By Pastor Alex Rockwell
Abraham is described in the New Testament book of James as “the friend of God.” Someone who has encountered the “Fatherhood of God and the Brotherhood of Man” theory, may ask, “Aren’t we all God’s friends?” According to the Bible, we are not. Why are we not all God’s friends? Isaiah, speaking for all mankind, was inspired to write, “…your iniquities have separated you from your God, and your sins have hidden His face from you.”
In order to be God’s friend, we would need to be in a proper relationship with Him, and that cannot happen unless the obstacle between us has been removed. That obstacle is sin.

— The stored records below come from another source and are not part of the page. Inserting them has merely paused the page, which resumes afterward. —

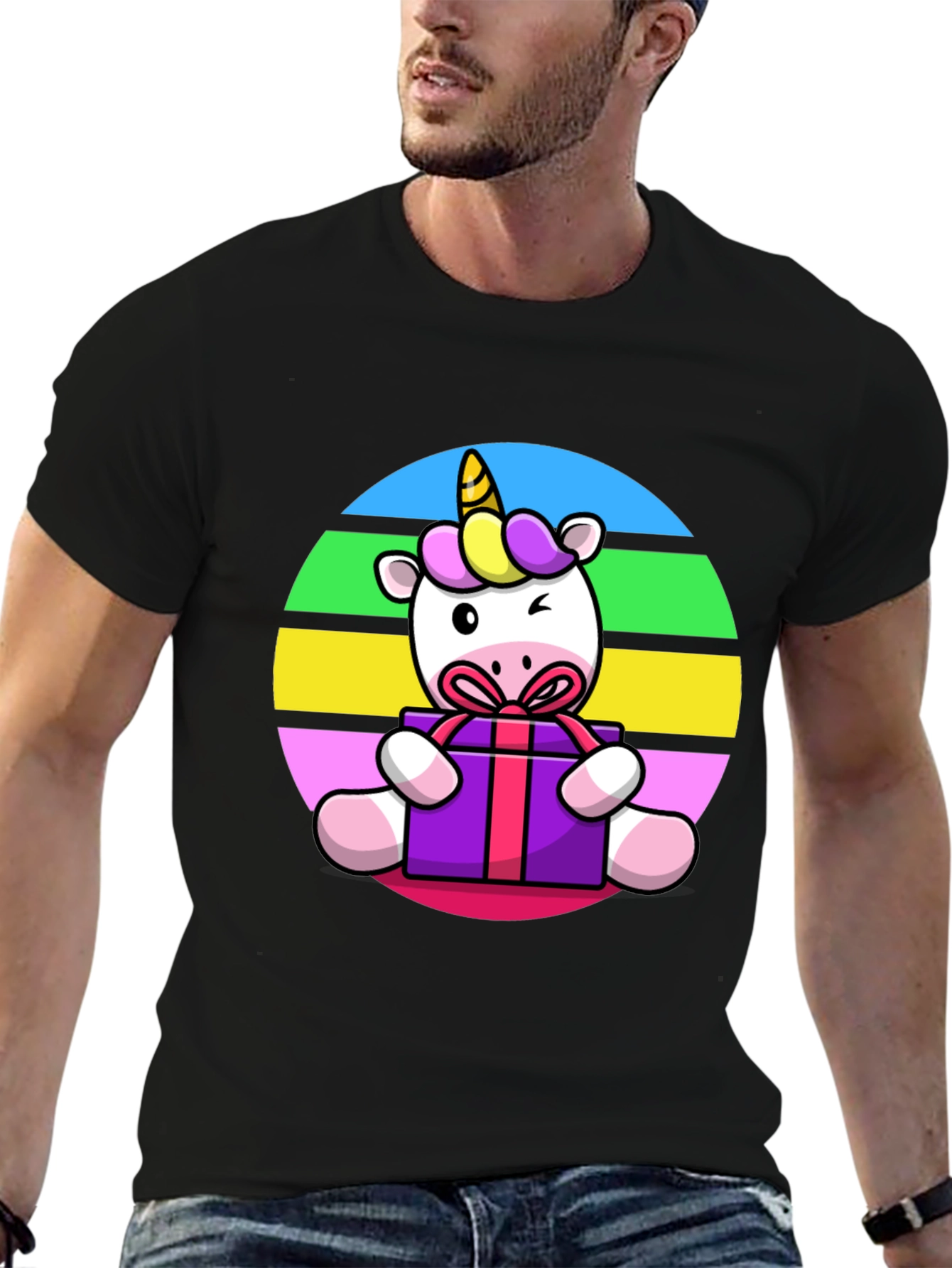 Unicorn Gift T-Shirt - Graphic Tee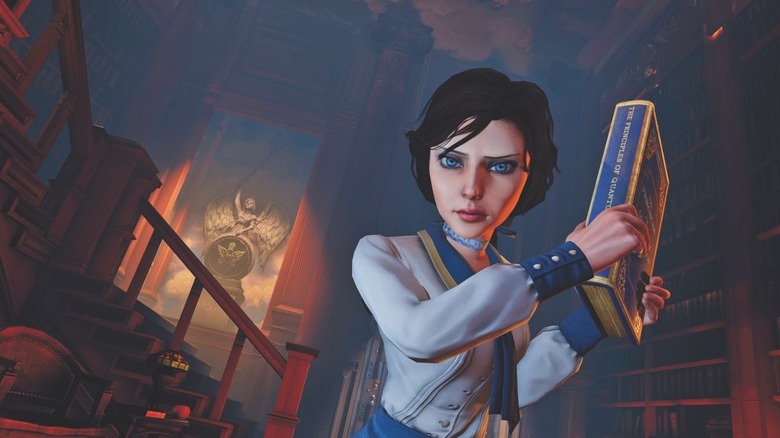 Bioshock Infinite Elizabeth face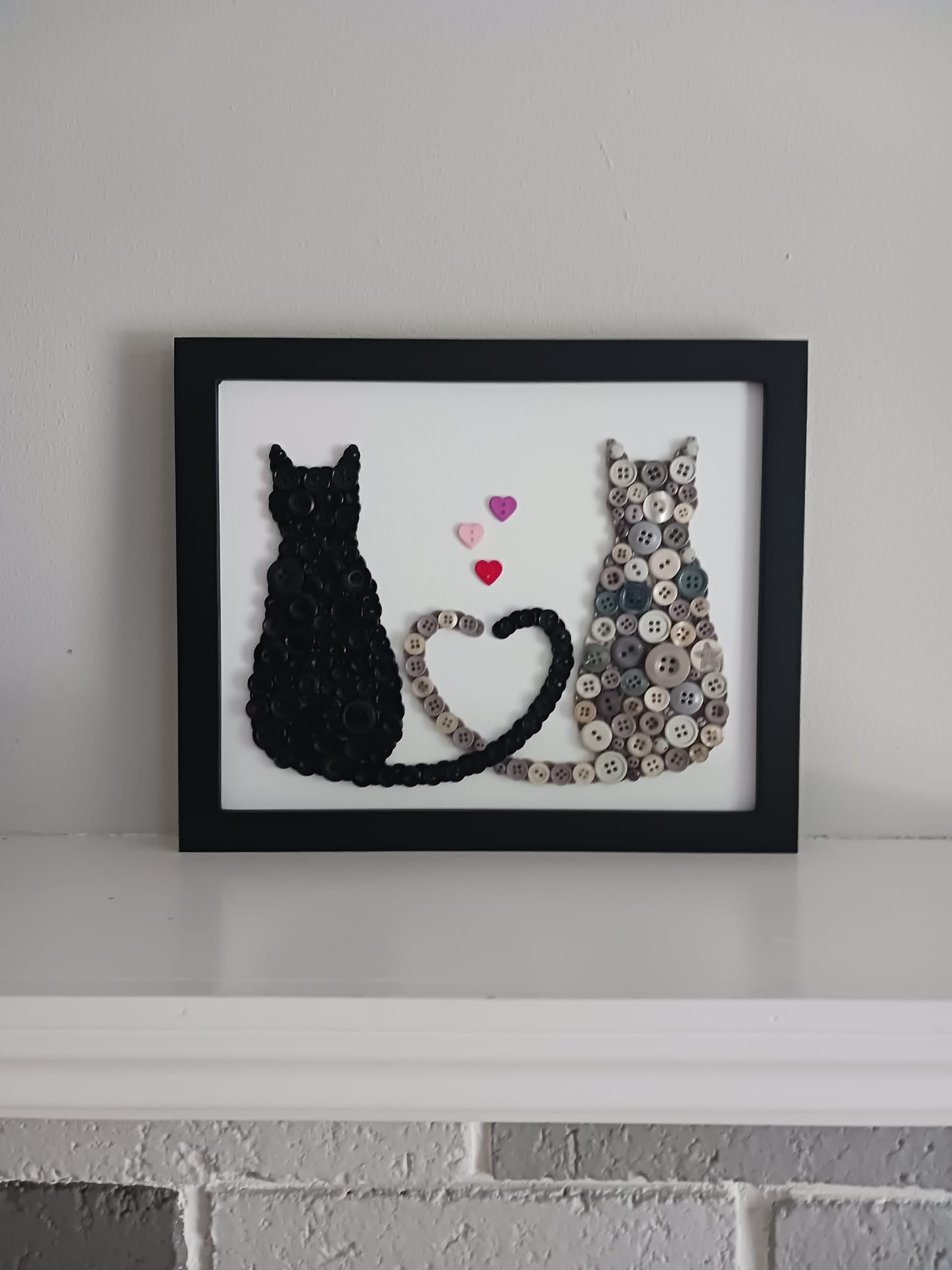 Smokey Greys Buttons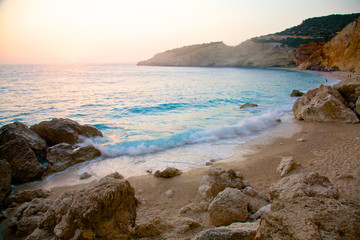 Fototapeta na wymiar Lefkada island, Greece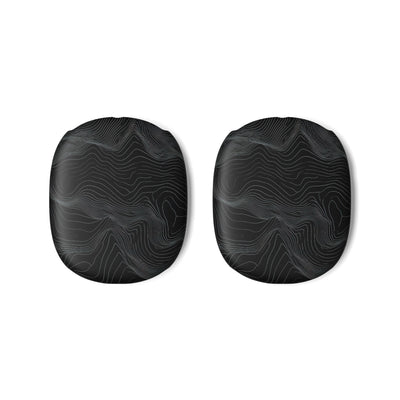 Obsidian Contour Elevation · Hard Case for AirPods Max · Black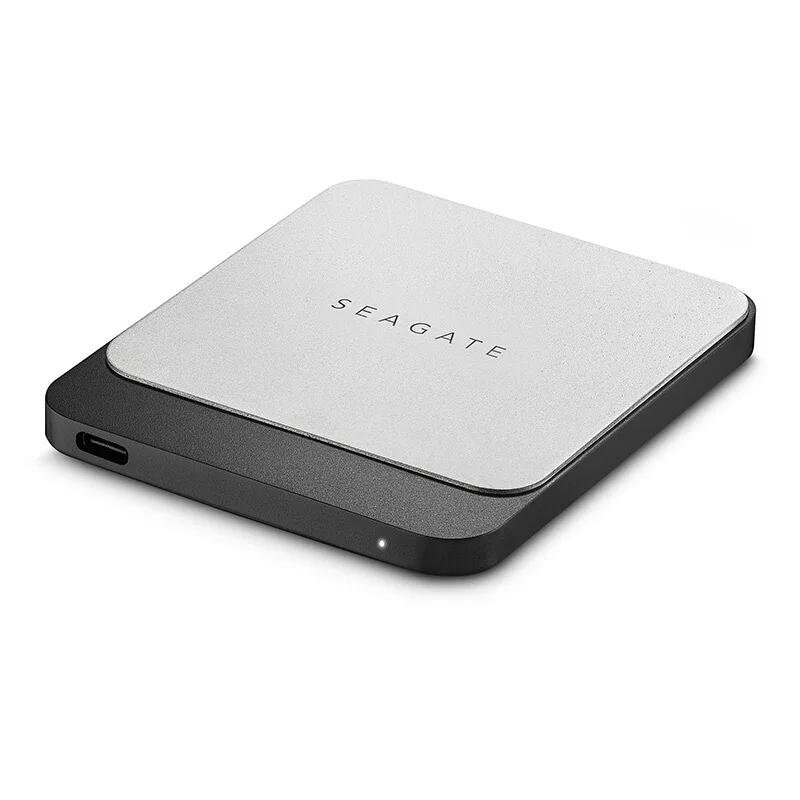 Внешний твердотельный накопитель Seagate Fast SSD 500 Гб ТБ портативный USB 3 0 для ПК и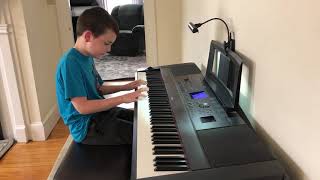 Alexander Martin performing Xander’s Song
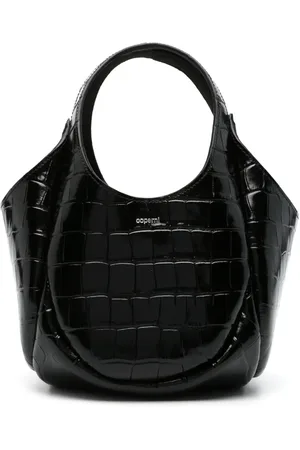 COPERNI Bucket Swipe crocodile-effect mini bag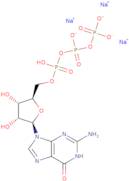 Guanosine 5'-triphosphate sodium salt hydrate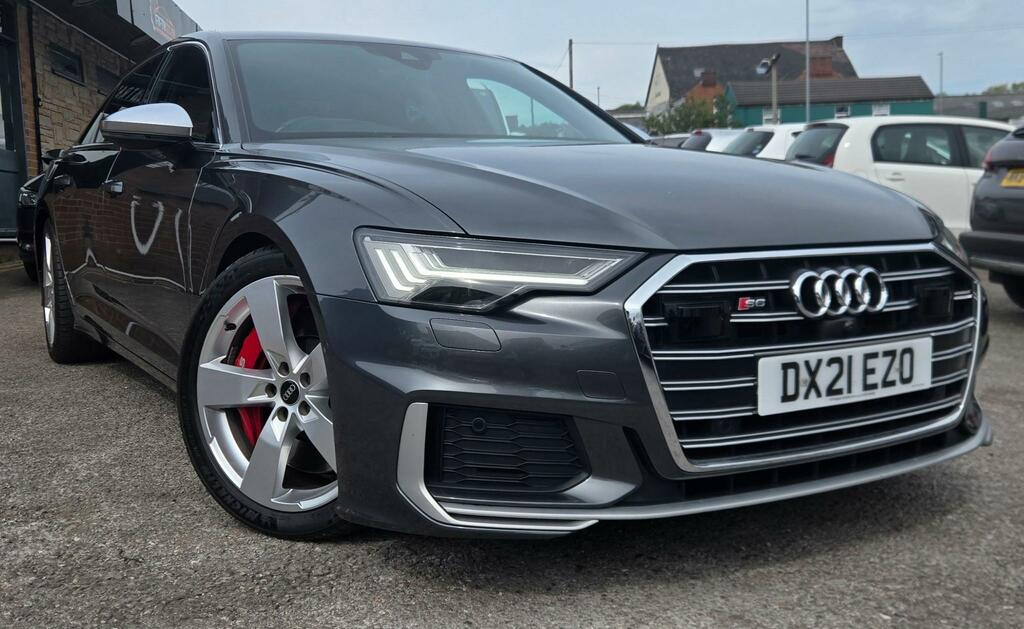 Audi S6 Saloon 3.0 Tfsi V6 Quattro S Line Euro 6 Grey #4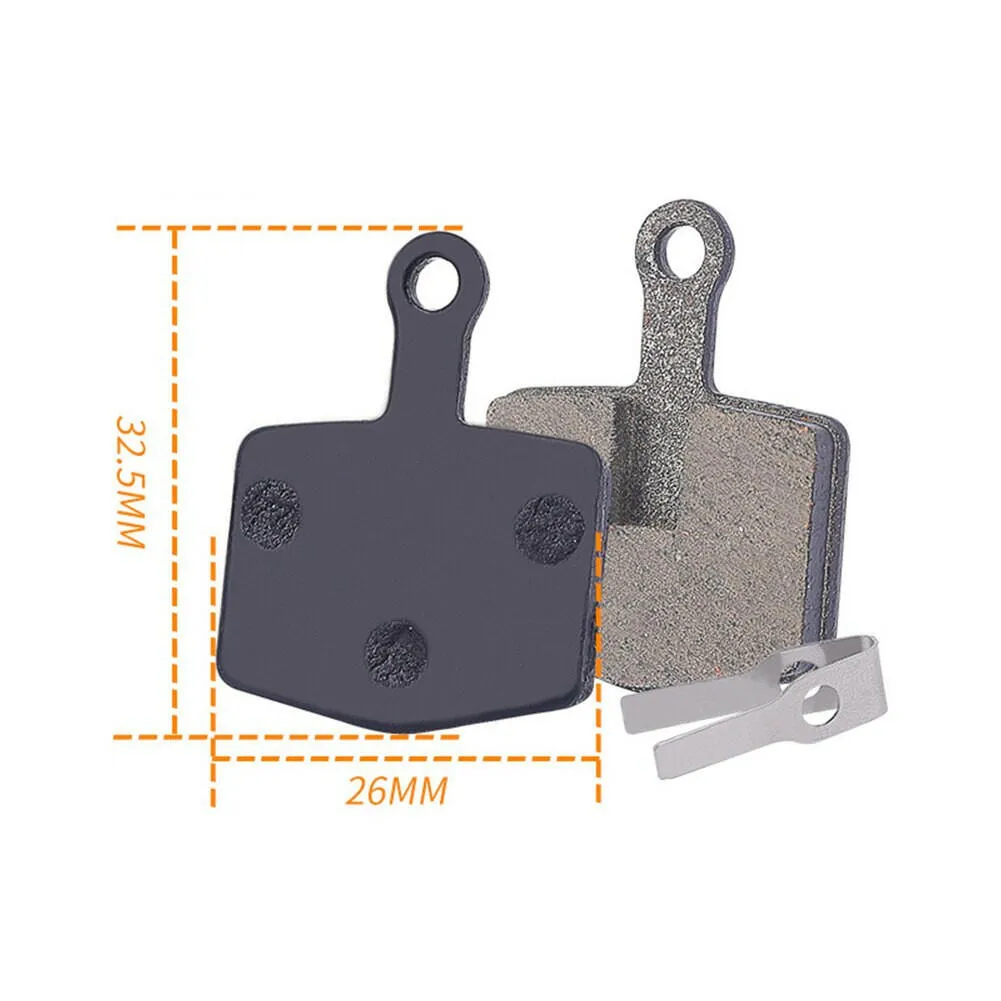 1 Pair Of Electric Bike Brake Pads Bicycle Resin Pads Are Suitable For Premium Electric Vehicle Brake Pads Bike Pads Universal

God’s inspired Word, the Bible, clearly tells us that “All have sinned and fall short of the glory of God.” To deny such a self-evident truth is to be naive, deceived, intentionally ignorant or dishonest. We are not all God’s friends because nobody is God’s friend by nature. In the Bible, people are referred to as “natural” or” earthly” if they are not in a proper relationship with God. Paul the Apostle was inspired to write, “… the natural man does not receive the things of the Spirit of God, for they are foolishness to him; nor can he know them because they are spiritually discerned (understood.)”
The Bible describes our natural condition before we come into a personal relationship with Christ. “And you, He made alive, who were dead in trespasses and sins. In which you once walked according to the course of this world, according to the prince of the power of the air (Satan) the spirit who now works in the sons of disobedience among whom also we all once conducted ourselves in the lusts of the flesh, fulfilling the desires of the flesh (our sinful tendency) and were by nature the children of wrath just as the others.”
God tells us we need to repent- have a change of heart. That is because, except for Christ, every single person ever born into this world is born with a sinful nature. Jeremiah, an Old Testament prophet was inspired to write, “The heart is deceitful above all things and desperately wicked…” And Jesus told a religious man, Nicodemus, “…Unless one is born again, he cannot see the kingdom of God.” Later He added, “Do not marvel that I said to you, you must be born again. “
Paul wrote about it with these words, “If anyone is in Christ, He is a new creation. Old things have passed away, behold all things have become new.” This experience is described in several ways in the Bible, such as “converted,” “saved” and “born again.” All refer to the change of heart which we all need.
Thankfully, even in our lost condition, God loves us. In Ephesians, after describing our spiritual condition as those deserving His wrath, we are told, “….at that time you were without Christ, ….having no hope and without God in the world.” He clarified this elsewhere, writing “But God demonstrates His own love toward us, in that while we were still sinners, Christ died for us.”
What happens when a person becomes God’s friend? Many wonderful things take place. We become the dwelling place of the Holy Spirit. The book of Corinthians tells us, “your body is the temple of the Holy Spirit who is in you, whom you have from God…” In addition, we become the sons and daughters of God. John was inspired to inform us, “as many as received Him, to them He gave the aright to become children of God, to those who believe in His name…” And perhaps best of all, when we become God’s friends, we receive a wonderful gift. Though “the wages of sin is death, “The gift of God is eternal life through Jesus Christ our Lord.”
How do we become God’s friend? First, by acknowledging our need. We are spiritually lost because each of us is a sinner, by nature and by choice. “There is none righteous, no not one.” Second by facing the fact that we are unable to become Christians, (His friends) on our own. “By grace are you saved through faith, and that not of yourselves, it is the gift of God, not by works, lest anyone should boast.” Paul’s words about Abraham’s friendship with God are clear. “Abraham believed God, and it was accounted to him for righteousness.” Later he added, “David also describes the blessedness of the man to whom God imputes righteousness apart from works…” Third, by calling out to God for His mercy and forgiveness. “Whoever calls upon the name of the Lord shall be saved.”
It is time for each of us to ask the question, “Am I a friend of God?” In this world of uncertainty and fear, let’s make sure we are.